The fresh intelligence did not give crucial details about when, where or how terrorists may strike, Ridge said, but government analysis indicates terrorists may favor car or truck bombs or other means to physically destroy targets.

In Newark, police set up metal fences surrounding the Prudential Plaza building, blocked off two city streets and toted assault rifles.

And in Washington, Mayor Anthony Williams put the entire city on an orange alert, although the Homeland Security Department has not officially raised the threat level outside financial-sector buildings.

Officials have warned that the al-Qaida network, blamed for the Sept. 11, 2001, attacks, may launch a large-scale assault in hopes of disrupting the Nov. 2 elections and demonstrating that it remains capable of offensive actions despite international efforts to combat terrorism.

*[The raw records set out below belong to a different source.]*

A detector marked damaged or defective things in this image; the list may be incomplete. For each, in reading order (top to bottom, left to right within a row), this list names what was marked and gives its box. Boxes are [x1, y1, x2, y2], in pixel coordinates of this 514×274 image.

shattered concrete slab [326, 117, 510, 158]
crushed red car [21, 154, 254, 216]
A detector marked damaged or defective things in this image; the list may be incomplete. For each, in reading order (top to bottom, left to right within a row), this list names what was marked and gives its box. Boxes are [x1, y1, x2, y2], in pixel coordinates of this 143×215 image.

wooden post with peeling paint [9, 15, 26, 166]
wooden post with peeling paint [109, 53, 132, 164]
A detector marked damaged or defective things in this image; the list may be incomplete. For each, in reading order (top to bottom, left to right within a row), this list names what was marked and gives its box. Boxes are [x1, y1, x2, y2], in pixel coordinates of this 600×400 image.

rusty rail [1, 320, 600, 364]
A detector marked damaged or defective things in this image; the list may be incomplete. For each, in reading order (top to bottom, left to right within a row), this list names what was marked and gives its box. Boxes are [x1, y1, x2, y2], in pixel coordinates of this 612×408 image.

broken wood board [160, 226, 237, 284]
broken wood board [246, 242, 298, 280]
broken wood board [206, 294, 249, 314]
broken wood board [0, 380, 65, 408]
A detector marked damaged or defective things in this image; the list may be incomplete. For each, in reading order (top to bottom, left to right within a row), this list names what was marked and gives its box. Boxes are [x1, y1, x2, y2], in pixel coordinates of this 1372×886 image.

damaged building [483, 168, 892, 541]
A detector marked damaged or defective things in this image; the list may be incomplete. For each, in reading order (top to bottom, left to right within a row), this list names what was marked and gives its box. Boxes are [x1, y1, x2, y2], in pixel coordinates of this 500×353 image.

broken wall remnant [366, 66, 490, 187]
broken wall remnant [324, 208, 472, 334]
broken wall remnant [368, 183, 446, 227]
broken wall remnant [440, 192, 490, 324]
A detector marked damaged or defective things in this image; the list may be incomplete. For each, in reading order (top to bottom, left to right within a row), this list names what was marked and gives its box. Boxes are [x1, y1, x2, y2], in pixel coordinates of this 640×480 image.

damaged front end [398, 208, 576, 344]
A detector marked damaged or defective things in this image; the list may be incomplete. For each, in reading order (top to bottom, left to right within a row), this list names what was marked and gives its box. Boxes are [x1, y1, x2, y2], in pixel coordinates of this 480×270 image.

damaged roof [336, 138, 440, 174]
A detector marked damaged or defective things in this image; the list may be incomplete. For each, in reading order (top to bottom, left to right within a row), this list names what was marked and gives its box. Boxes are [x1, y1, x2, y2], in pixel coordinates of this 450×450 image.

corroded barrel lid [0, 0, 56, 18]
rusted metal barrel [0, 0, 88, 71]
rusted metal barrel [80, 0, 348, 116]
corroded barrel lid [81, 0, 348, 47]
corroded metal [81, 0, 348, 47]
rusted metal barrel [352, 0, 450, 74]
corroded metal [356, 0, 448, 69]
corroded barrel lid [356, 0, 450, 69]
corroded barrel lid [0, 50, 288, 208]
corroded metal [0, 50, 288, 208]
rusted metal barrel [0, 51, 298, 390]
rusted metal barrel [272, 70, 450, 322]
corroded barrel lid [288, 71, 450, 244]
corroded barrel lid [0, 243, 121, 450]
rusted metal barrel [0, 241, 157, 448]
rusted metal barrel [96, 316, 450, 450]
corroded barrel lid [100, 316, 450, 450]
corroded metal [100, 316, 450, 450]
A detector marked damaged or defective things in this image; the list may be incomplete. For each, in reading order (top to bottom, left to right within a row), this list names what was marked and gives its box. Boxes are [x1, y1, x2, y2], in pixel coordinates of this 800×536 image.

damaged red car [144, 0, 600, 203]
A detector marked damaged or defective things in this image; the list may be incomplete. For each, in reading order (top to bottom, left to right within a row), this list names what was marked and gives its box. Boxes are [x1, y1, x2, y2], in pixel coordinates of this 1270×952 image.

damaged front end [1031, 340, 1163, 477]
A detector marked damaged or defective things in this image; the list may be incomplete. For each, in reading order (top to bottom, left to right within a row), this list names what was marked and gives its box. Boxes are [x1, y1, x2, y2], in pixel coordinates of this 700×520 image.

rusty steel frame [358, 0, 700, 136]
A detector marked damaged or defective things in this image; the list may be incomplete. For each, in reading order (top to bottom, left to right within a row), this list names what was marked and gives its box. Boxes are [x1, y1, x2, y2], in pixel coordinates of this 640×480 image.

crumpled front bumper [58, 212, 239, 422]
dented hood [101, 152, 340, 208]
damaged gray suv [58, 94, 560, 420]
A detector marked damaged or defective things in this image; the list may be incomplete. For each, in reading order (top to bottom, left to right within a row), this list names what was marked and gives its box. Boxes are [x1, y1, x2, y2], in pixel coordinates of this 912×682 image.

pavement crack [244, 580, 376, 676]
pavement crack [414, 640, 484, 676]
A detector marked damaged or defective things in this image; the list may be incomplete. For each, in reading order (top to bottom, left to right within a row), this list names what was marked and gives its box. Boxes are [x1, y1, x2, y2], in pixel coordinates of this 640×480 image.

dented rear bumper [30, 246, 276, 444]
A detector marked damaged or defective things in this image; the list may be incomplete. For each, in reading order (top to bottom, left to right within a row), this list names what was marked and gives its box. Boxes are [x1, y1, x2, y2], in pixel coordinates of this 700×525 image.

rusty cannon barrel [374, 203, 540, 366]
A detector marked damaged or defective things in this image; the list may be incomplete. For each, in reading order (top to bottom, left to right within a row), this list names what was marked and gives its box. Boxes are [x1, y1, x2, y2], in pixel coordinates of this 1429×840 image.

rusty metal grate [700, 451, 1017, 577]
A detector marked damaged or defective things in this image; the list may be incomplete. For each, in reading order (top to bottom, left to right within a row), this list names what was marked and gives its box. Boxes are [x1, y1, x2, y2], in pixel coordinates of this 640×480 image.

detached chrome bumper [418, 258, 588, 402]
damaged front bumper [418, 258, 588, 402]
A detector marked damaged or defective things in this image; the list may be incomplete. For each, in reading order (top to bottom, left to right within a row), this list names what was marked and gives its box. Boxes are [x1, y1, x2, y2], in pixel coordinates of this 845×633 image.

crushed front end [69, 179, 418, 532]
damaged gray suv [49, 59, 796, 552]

An example of that international cooperation, Sunday’s warning stems in large part from Pakistan’s capture of an al-Qaida operative several weeks ago, a U.S. counterterrorism official said, speaking only anonymously. Officials would not identify the operative.

That detention led to the discovery of the documentary information about the extensive surveillance of the five buildings, the counterterrorism official said. The official said the scouting was going on before and after Sept. 11, 2001, but it’s unclear how recently.

That information was also discovered in Pakistan. Ridge would not comment on specific sources of the intelligence, but he credited strong partnerships with allies around the world, specifically citing Pakistan.

Pakistan’s information minister, Sheikh Rashid Ahmed, told The Associated Press on Monday that Pakistani intelligence agents discovered plans for new attacks on the United States and Britain on a computer seized during the arrest of a high-ranking al-Qaida operative.

He said the plans were in e-mails on the computer of Ahmed Khalfan Ghailani, a Tanzanian arrested July 25 after a gunbattle in the eastern city of Gujrat.

Authorities have also arrested another top al-Qaida suspect believed to be a computer and communications expert, and that that man was cooperating with investigators, Ahmed said.

A senior intelligence official, also speaking on condition of anonymity, said the intelligence gathered from several sources indicated scouting had been done to identify security in and around these buildings; the best places for reconnaissance; how to make contact with employees who work in the buildings; traffic patterns; and locations of hospitals and police departments.

Examples of the detail the official cited: midweek pedestrian traffic counts of 14 people per minute on each side of the street for a total of 28 people. The official said he had not seen such extraordinary detail in his 24 years in intelligence work.